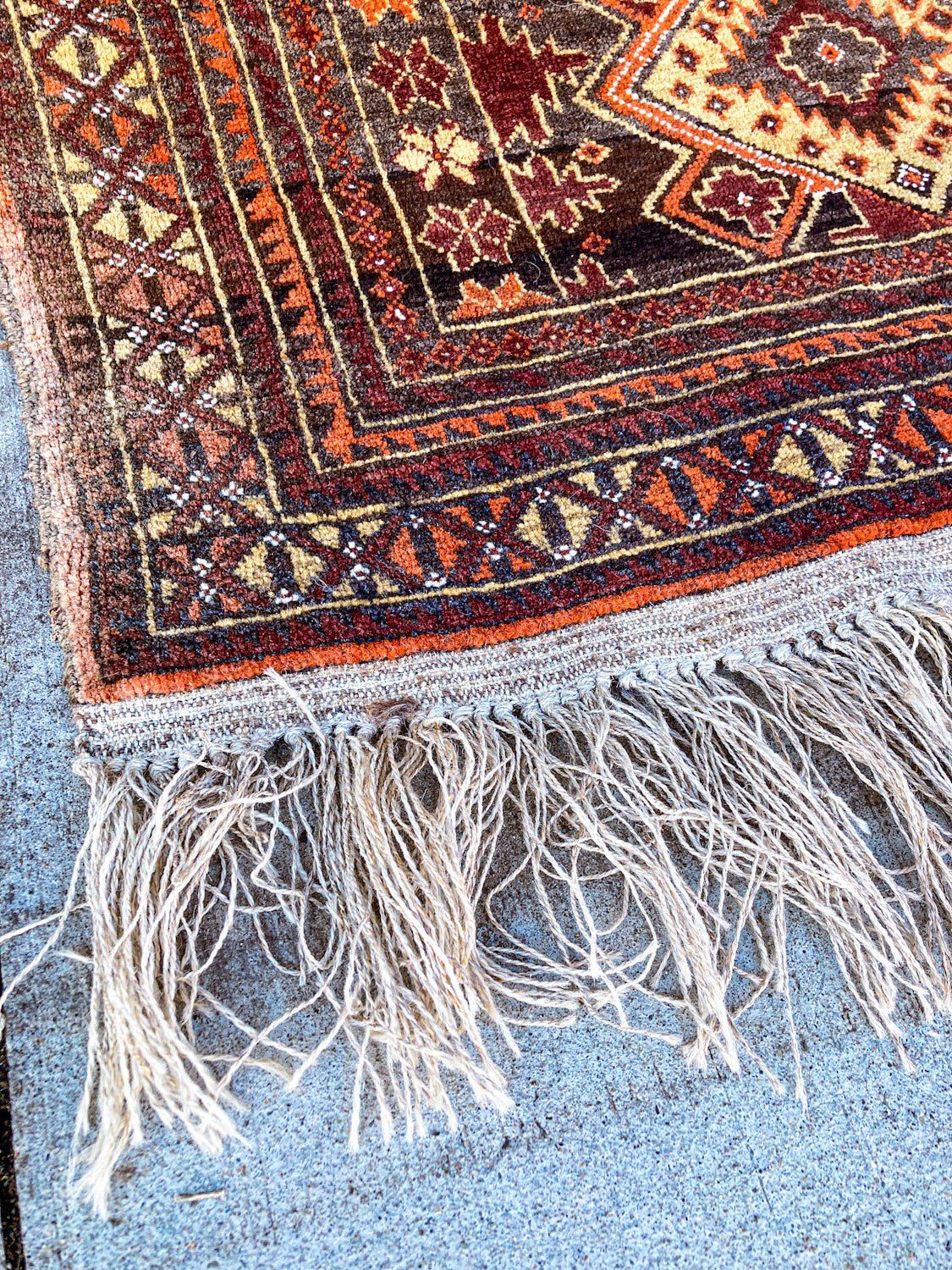 Vintage 1980s Orange Red Fringe 5x3ft Hand Woven Persian Wool Area Rug Color Fade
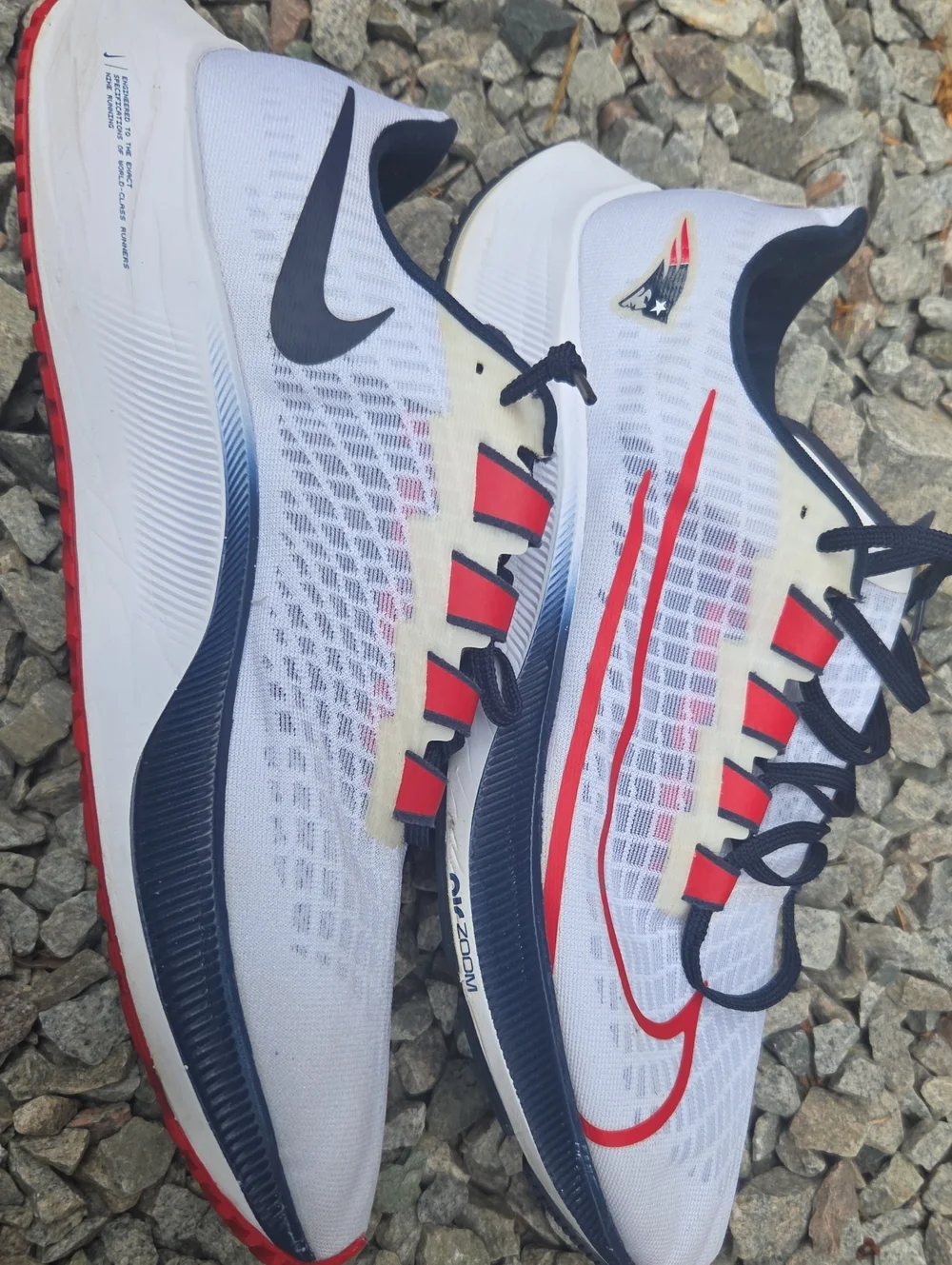 Nike Men's Athletic Running Shoes White with Red and Navy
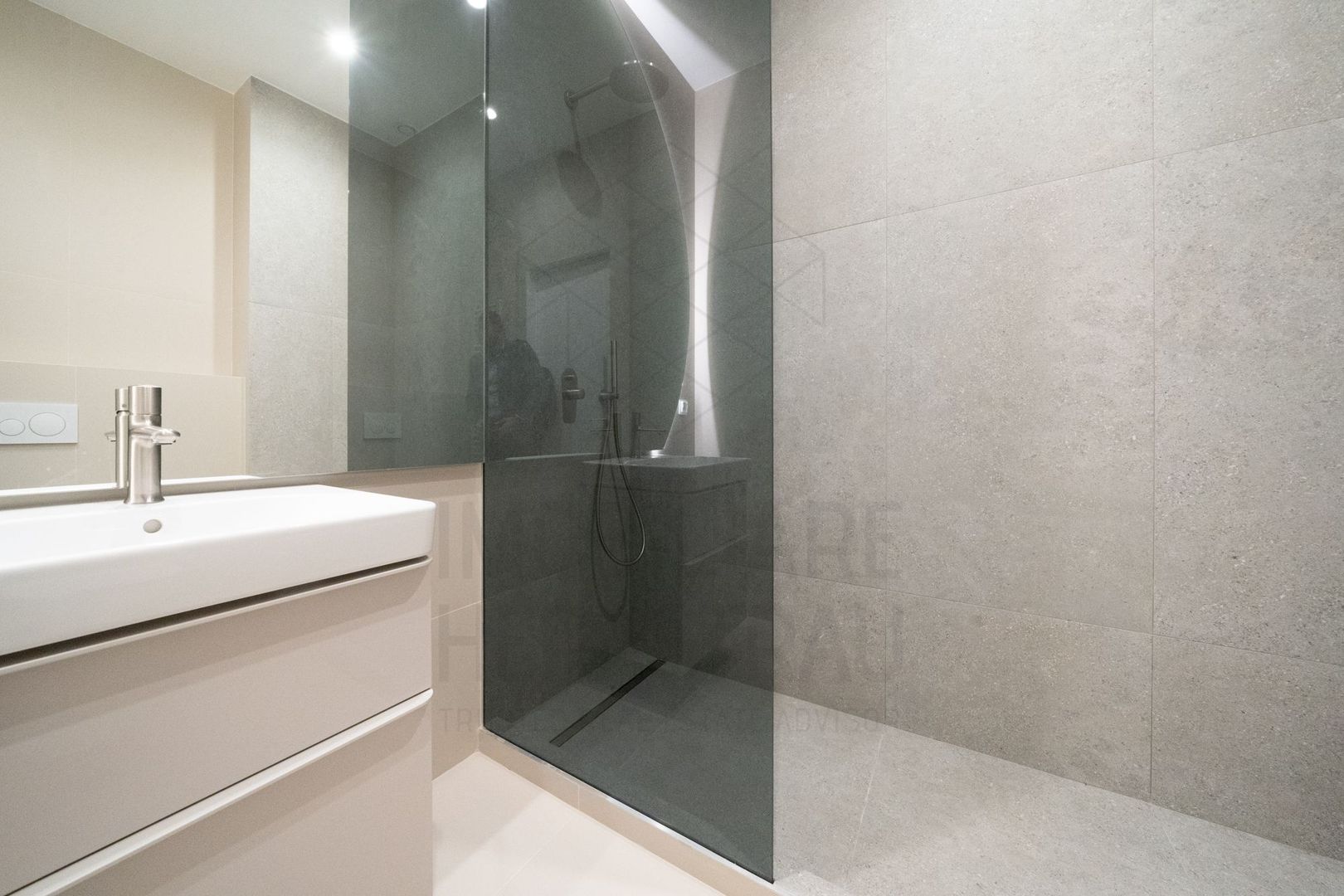 Apartament 2 camere| 3 min Metrou Aurel Vlaicu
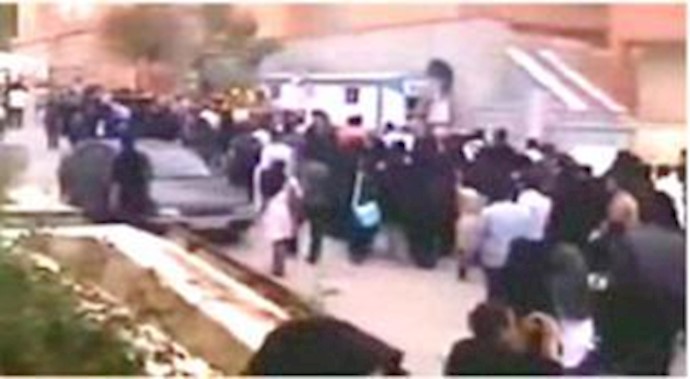 Tehran Students Protest Ahmadinejad Visit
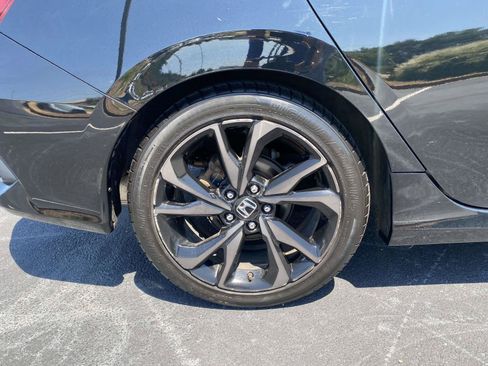 Used 2019 Honda Civic Sport image 9
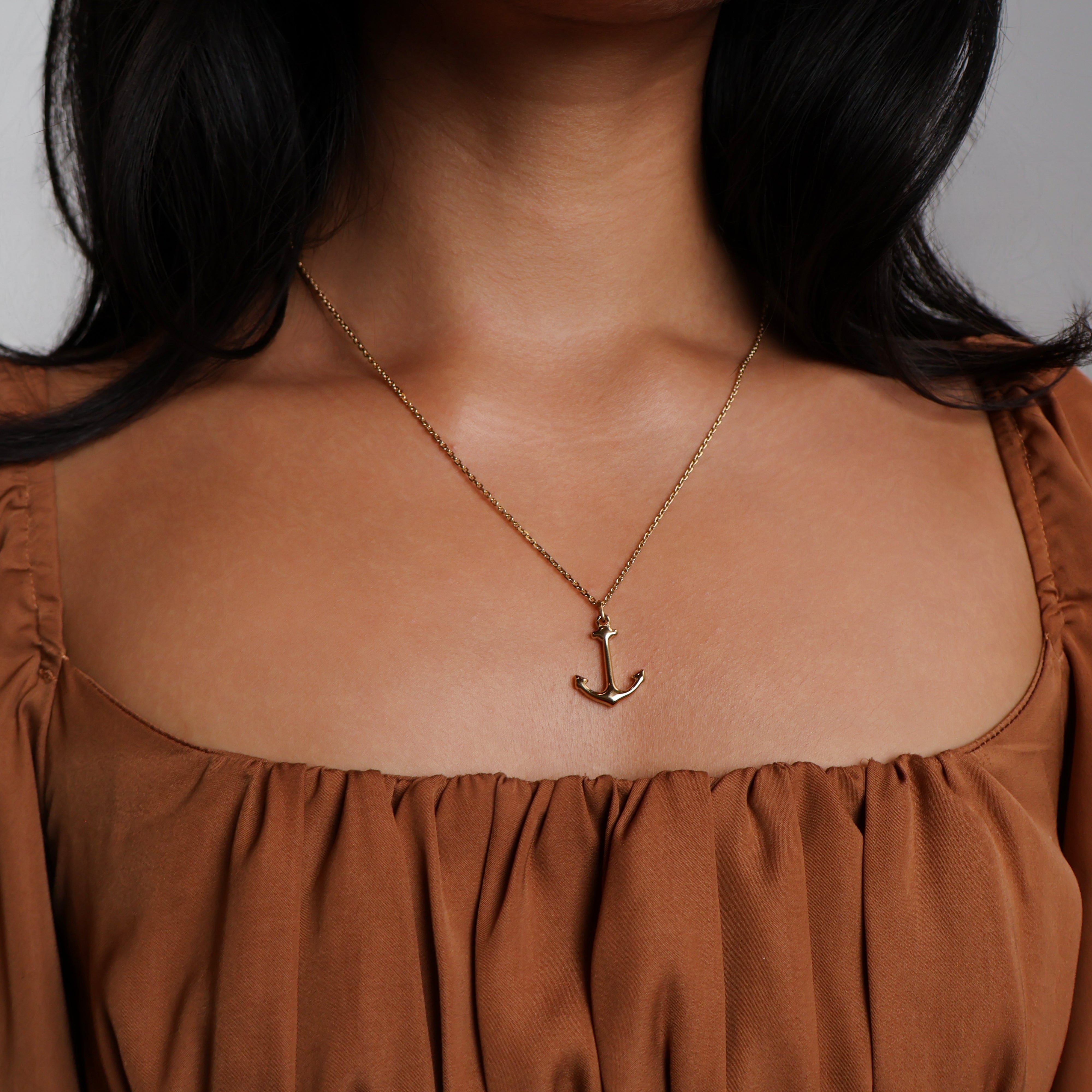 Anchor Pendant Necklace (Gold)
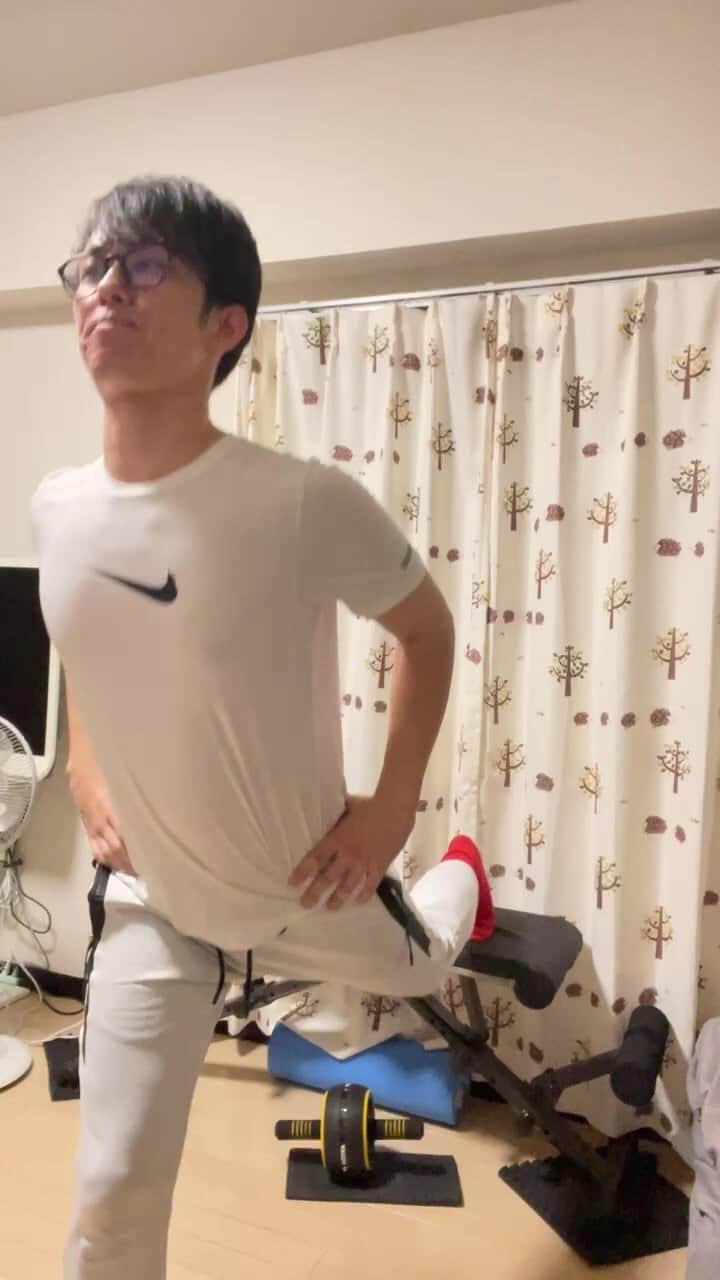 西村ヒロチョのインスタグラム：「深夜のスクワット配信」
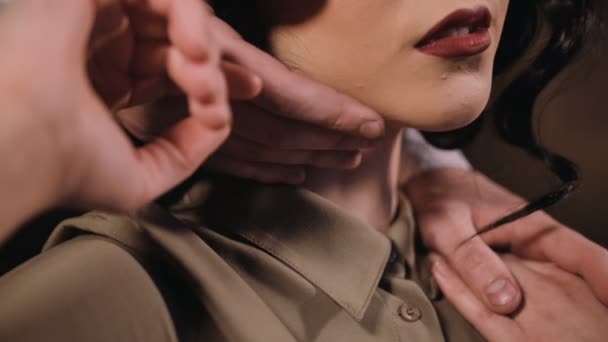 勒芒诱惑性地摸在慢动作的女人脖子的手 — 图库视频影像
——
## What to produce
The records must come back exactly, with their pictures removed.

## Expected answer
 Vintage 1980s Orange Red Fringe 5x3ft Hand Woven Persian Wool Area Rug Color Fade
 Nike Men's Athletic Running Shoes White with Red and Navy
 Apartament 2 camere| 3 min Metrou Aurel Vlaicu
 Tehran Students Protest Ahmadinejad Visit
 Used 2019 Honda Civic Sport image 9
 Anchor Pendant Necklace (Gold)
 西村ヒロチョのインスタグラム：「深夜のスクワット配信」
 勒芒诱惑性地摸在慢动作的女人脖子的手 — 图库视频影像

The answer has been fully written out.